September 29, 2023

The need-to-know this morning

Structure Therapeutics said its oral GLP-1 medicine led to roughly 5% weight loss after four weeks in a Phase 1 trial.
Madrigal Pharmaceuticals, a company awaiting FDA approval of its treatment for NASH, raised $500 million in a stock offering.

podcast

When is negative data positive enough?

Who gets credit for scientific breakthroughs? And wasn't biotech supposed to bounce back? We cover all that and more this week on "The Readout LOUD," STAT's biotech podcast.

Our colleague Elaine Chen joins us to explain the story of Svetlana Mojsov, a chemist who played a vital role in the discovery of GLP-1 who has spent decades fighting for proper recognition. We also discuss the latest news in the life sciences, including the FDA hearing on a BrainStorm Cell Therapeutics' polarizing ALS treatment, the end of the road for a once-vaunted drug developer, and the sorry state of biotech stocks.

Listen here.

gene therapy

What to do with Taysha's languishing gene therapies?

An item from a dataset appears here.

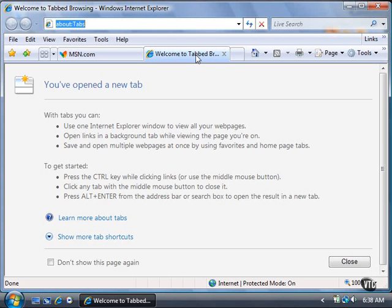The Welcome to Tab Browsing page provides information about how to get started with tab browsing and to learn more about tabs. The tab at the top of the window, with the title Welcome to Tab Browsing, is raised and appears in a different color to let you know that the tab page is the one you're viewing.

The tide's unequivocally turned for Taysha Gene Therapies, a once well-funded biotech that is now running out of options. Back in 2020, the company raised more than $300 million, with the intention of licensing and developing gene therapies for at least 18 different rare neurological diseases. But the company has since shelved nearly every one of these programs, and last week, another one was abruptly stopped.

Now, Taysha is developing a single gene therapy, which targets a far more prevalent (but still rare) disease called Rett syndrome. In today's biotech climate, "I think the world of bringing 16 to 18 programs simultaneously is just unrealistic," Taysha CEO Sean Nolan told STAT.

Now, the company is trying to figure out how to offload the remaining drugs, many of which are still in the preclinical stage. Some of the families who have supported Taysha's efforts suggest that the company give the programs to the family foundations and let them determine the best path forward.

artificial intelligence

Will AI-driven data analysis give us what we need?

Code Interpreter, the artificially intelligent ChatGPT plug-in tool that writes and runs its own Python code to churn and process data, could be a bit problematic. It's not so much that AI-driven statistical analyses done on a massive scale could be prone to error — but that's part of the problem. The issue, opines metascience expert Jordan Dworkin of the Federation of American Scientists, lies more in whether or not queries completed by an ever-obsequious AI bot will actually help generate real knowledge.

"Without broader shifts in norms and incentives, the speed offered by AI tools could threaten the potential value of some of biomedical science's most promising new offerings, like preprints and large public datasets," he writes. The concern, then, is that knowledge might end up coming from meta analyses that are also AI-generated, and end up missing true expert judgment in terms of choosing what topics are worth studying in the first place.

medicare

Physician payments from drug industry cost Medicare millions

Ophthalmologists who got money from drug companies were less likely to prescribe cheaper medicines for age-related macular degeneration. This caused Medicare to pay an extra $643 million over a six-year period, a new study shows.

Specifically, the doctors who were courted by pharma would prescribe Avastin, an effective but older cancer medicine used off-label to treat macular degeneration, about 28% of the time. They'd choose costlier drugs approved specifically to treat the eye disease 72% of the time.

In contrast, physicians who didn't receive any payments would prescribe Avastin 46% of the time — nearly twice as often as those who had received payments from the drug industry. On average, Avastin cost $70.86 per Medicare claim for macular degeneration. In contrast, Lucentis cost $333.55 and Eylea cost $921.65.